Warning! This is a horror/dark fiction story so may be disturbing to some. There is strong language and sexual situations.
Bright and hard and cold.
Summer sat at the end of a black plastic bar running down the center of a high-ceilinged room decorated in the slick post-industrial style that, according to the prince, had enjoyed a few brief months of trendy popularity on L.A.’s volatile restaurant scene some two years earlier. When they had first entered the place he had pointed out to her that the white, high gloss walls and exposed metal heating ducts that were now viewed as stone age relics by the smarter denizens of the city. Lacking any sense of design or style, summer had closely examined the architecture in an attempt to understand what had attracted the humans to it. To her hunter’s mind, however, the stark atmosphere was merely unattractive.
The restaurant, which was for no discernible reason named Scatters, was crowded with chattering, gawking humans the prince had characterized as tourists and visitors from the great suburban sprawl to the north of the city that was known as the Valley.
The Valley. The word struck a familiar chord. Of course! That was where she and Bobby had had coffee. In the Valley, at a place called Squeaky’s.
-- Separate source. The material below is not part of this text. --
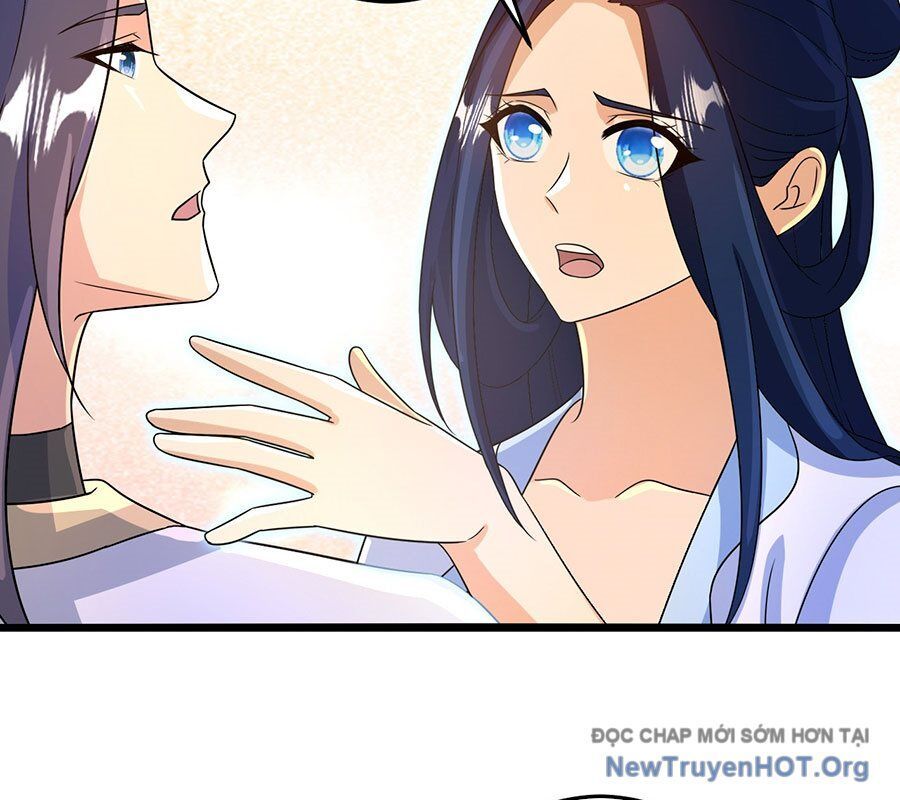 Nghịch Thiên Tà Thần Chapter 724 - Trang 2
Summer hadn’t understood the humans’ seeming excitement at being in this cold, harshly lighted room, so the prince had patiently explained to her that because the restaurant had once been a favorite feeding place of wealthy and powerful humans, lesser members of their race continued to come to Scatters and pay outrageous prices for the poor food that was served, unaware that the wealthy and powerful beings they hoped to encounter had long since fled to other feeding places; places as yet unknown to the masses.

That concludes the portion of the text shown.